Returning data from MongoDB faster

Jon

unread,

Jan 15, 2014, 9:17:04 AM1/15/14

to mongod...@googlegroups.com

Hi,

I have a collection of a few hundred million documents that is hash sharded on _id because we do thousands of reads and writes per second on single documents by ID. So far this has scaled well for these targeted reads and writes. Say that documents look like this:

{

_id: ObjectId,

a: ...,

b: ...,

c: ...,

...

dozens of other fields

...

}

I have an index on {a:1} and a couple of times per day, I want to look at all the documents in our database with a certain "a" value and query various other fields with it. It's a different set of field permutations each each time, so I can't add dozens of indexes, and multikey indexing was out of the question long ago because $all queries only looked up the first field in the query.

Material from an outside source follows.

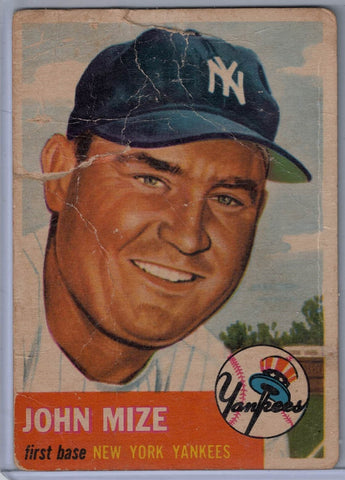 1953 Topps # 77 John Mize A $8.00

Let's say that I'm running a query for {"a" : "foo", "x" : "baz"}. And let's say that 10 million documents have {"a" : "foo"}, and of those, 5 million will match {"a" : "foo", "x" : "baz"}. I'm trying to pull back the _id of those documents. I've tried to time this and have tweaked things like the batchSize, but the best I'm getting is about 6500 documents per second. If I baseline it off a covered index by trying to pull back the _id for the query {"a" : "foo"}, I can get around 30,000 documents per second. However, both these speeds can be fairly slow -- if I wanted to pull back all 5 million _ids, it'll take about 12 minutes; if I wanted to pull back all 10 million _ids, it'll take over 5 minutes.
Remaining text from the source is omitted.